Measuring the extent of the shadow economy in any country is a notoriously tricky and controversial task. The size of the shadow economy should take into account all economic activity, including the official and unofficial production of goods and services. This comprehensive exercise is essential in the formulation of economic policies.

The different names used for the shadow economy are confusing as there may be subtle interpretation nuances linked to the terms used. Hidden economy, illegal economy, grey economy, black economy, submerged economy, cash economy and informal economy are just some of the terms used that do not necessarily include the same economic activities.

The National Statistics Office told this newspaper “the non-observed economy” is estimated to amount to three per cent of GDP. A spokeswoman wisely pointed out that “the non-observed economy is not a direct estimate of the shadow economy”. The NSO estimate follows new EU statistics guidelines but certainly does not cover “total economic activity”, which includes much more unrecorded activities besides dealing in drugs and prostitution.

According to a paper published this January by the International Monetary Fund, the shadow economy “includes all economic activities which are hidden from official authorities for monetary, regulatory and institutional reasons”. These could include avoiding paying taxes, avoiding government bureaucracy and corruption.

Malta’s shadow economy was estimated to range between 15.3 per cent and 23.6 per cent of GDP depending on the calculation method used. The two academics who authored the report after studying the size of the shadow economy in 31 European countries last year based their estimates on “mostly legal economic and productive activities” that, presumably, excluded dealing in drugs and prostitution. This could explain, to some extent, the variances between the figures quoted by the NSO and the IMF paper.

The debate on the effects of the shadow economy on the long-term socio-economic prospects of the country seems to be a taboo issue for political parties. The bigger the estimated size of the shadow economy, the more political parties fear antagonising both law-abiding citizens and those employed in the submerged economy. But the size of the shadow economy is a core input to estimate the extent of tax evasion. What is not measured cannot be controlled.

Besides the negative economic consequences linked to an uncontrolled shadow economy, there are social repercussions. Workers engaged in the shadow economy can easily be exploited by employers who feel they have no obligation to follow labour legislation. These workers will also discover in a few decades time that by not contributing to social security throughout their working lives they will miss out on a full pension.

The debate on the extent of the shadow economy should be open and comprehensive. It is misleading and futile to try to measure only illegal activities like prostitution and drug dealing.

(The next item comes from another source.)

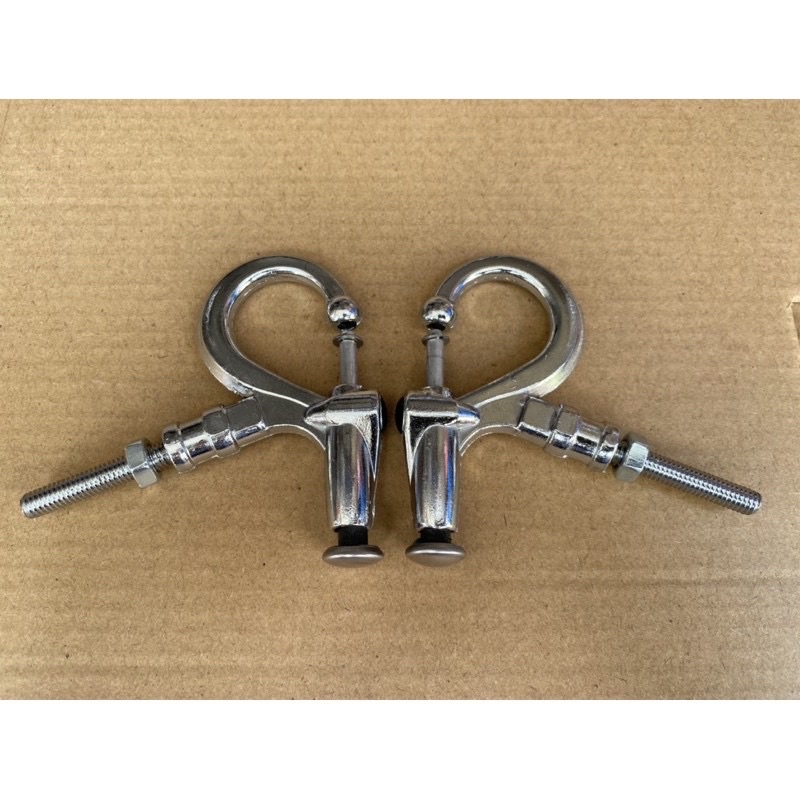 Móc treo Đồ xe máy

Political parties owe it to the public to define their plans to control the shadow economy and ensure that all economic activities are, as much as possible, captured in official statistics. Yet, the front page report on this newspaper titled ‘“Illegal” economy now tops €320 million’ provoked no reactions whatsoever.

Such commitment will ensure that public finances are not distorted by tax evasion and that all workers benefit from contributing to the national insurance scheme.